§ **Task goal**
With the images omitted, return all of the entries exactly as they stand.

=== Provided information ===

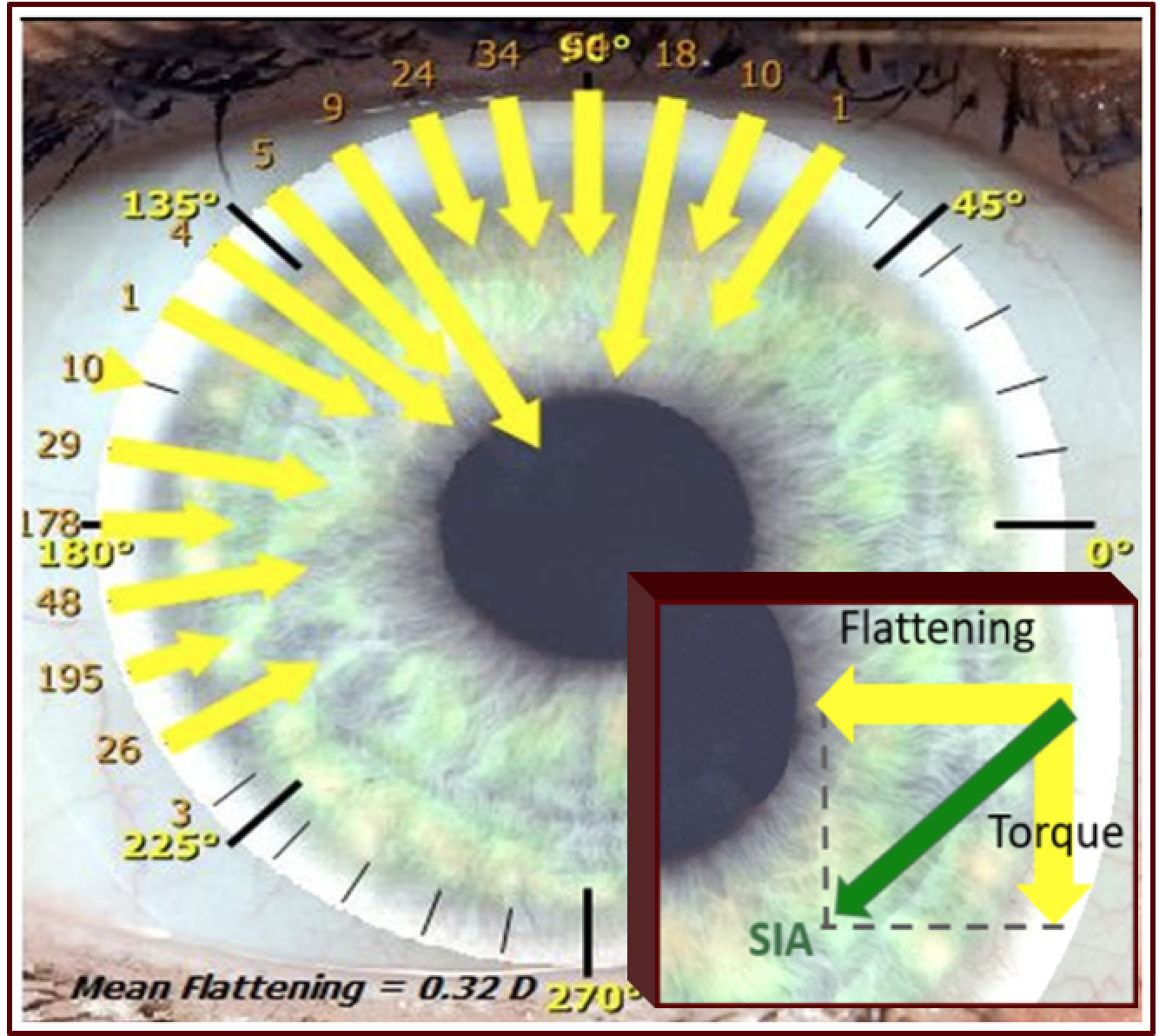 Fattening effect (FE) and torque effect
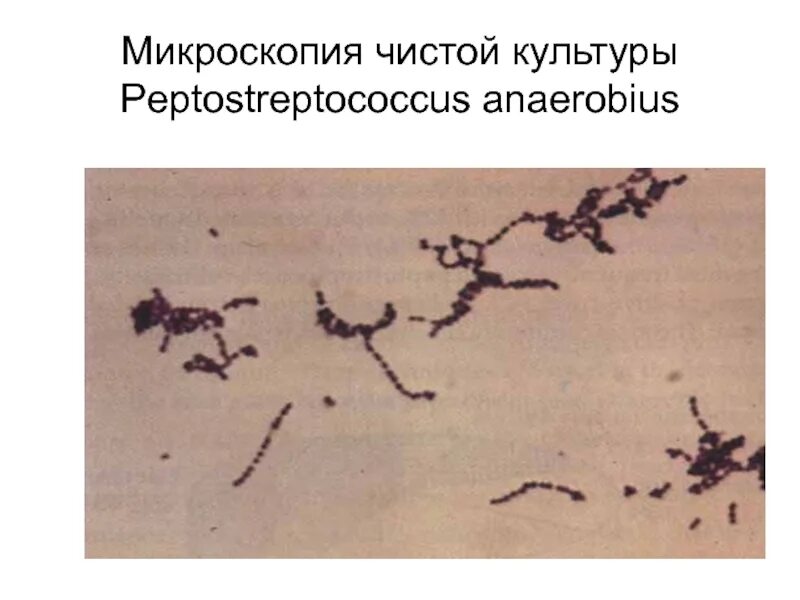 Peptostreptococcus spp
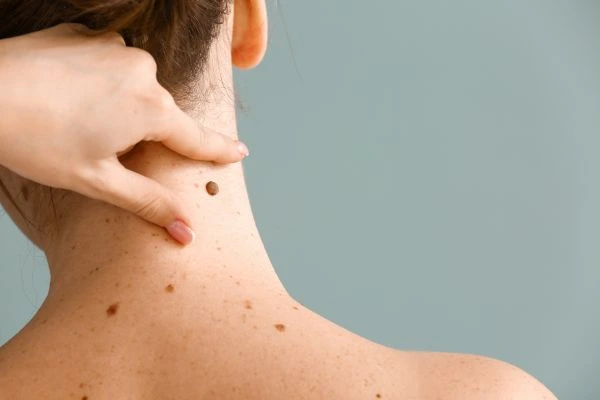 skin blemish removal Barrow treatment
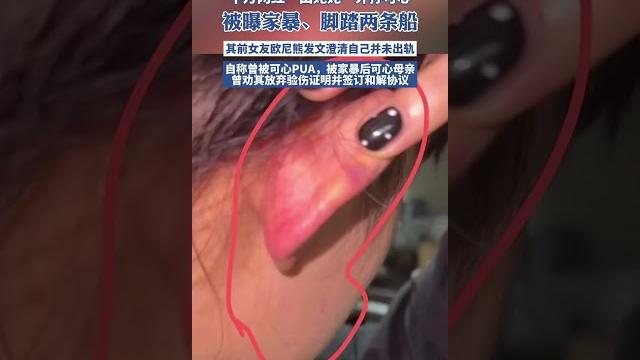千萬網紅“田姥姥”外孫可心被曝家暴、腳踏兩條船,其前女友歐尼熊發文澄清自己并未出軌,自稱曾被可心pua,被家暴后可心母親曾勸其放棄驗傷證明并簽訂和解協議(津云)#可心 #歐尼熊 千萬網紅“田姥姥”外孫可心被曝家暴、腳踏兩條船,其前女友歐尼熊發文澄清自己并未出軌,自稱曾被可心pua,被家暴后可心母親曾勸其放棄驗傷證明并簽訂和解協議(津云)#可心 #歐尼熊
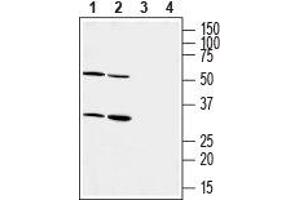 Western Blotting (WB) image for anti-Pyrimidinergic Receptor P2Y, G-Protein Coupled, 6 (P2RY6) (AA 172-186), (Extracellular) antibody (ABIN7043591)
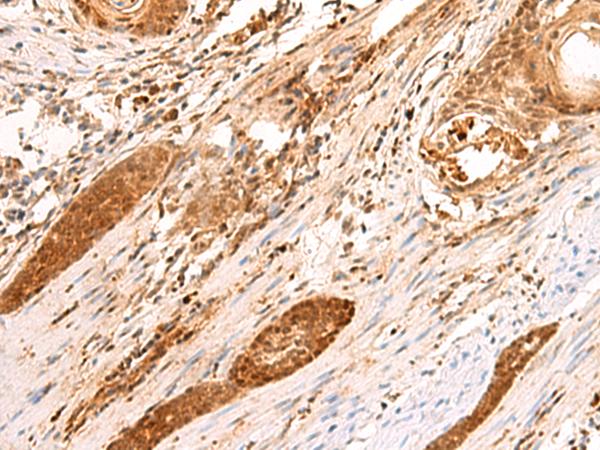 SCAND1 Antibody - Immunohistochemistry of paraffin-embedded Human esophagus cancer tissue  using SCAND1 Polyclonal Antibody at dilution of 1:90(×200)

===

§ **Response to the exercise**
 Fattening effect (FE) and torque effect
 Peptostreptococcus spp
 skin blemish removal Barrow treatment
千萬網紅“田姥姥”外孫可心被曝家暴、腳踏兩條船,其前女友歐尼熊發文澄清自己并未出軌,自稱曾被可心pua,被家暴后可心母親曾勸其放棄驗傷證明并簽訂和解協議(津云)#可心 #歐尼熊 千萬網紅“田姥姥”外孫可心被曝家暴、腳踏兩條船,其前女友歐尼熊發文澄清自己并未出軌,自稱曾被可心pua,被家暴后可心母親曾勸其放棄驗傷證明并簽訂和解協議(津云)#可心 #歐尼熊
 Western Blotting (WB) image for anti-Pyrimidinergic Receptor P2Y, G-Protein Coupled, 6 (P2RY6) (AA 172-186), (Extracellular) antibody (ABIN7043591)
 SCAND1 Antibody - Immunohistochemistry of paraffin-embedded Human esophagus cancer tissue  using SCAND1 Polyclonal Antibody at dilution of 1:90(×200)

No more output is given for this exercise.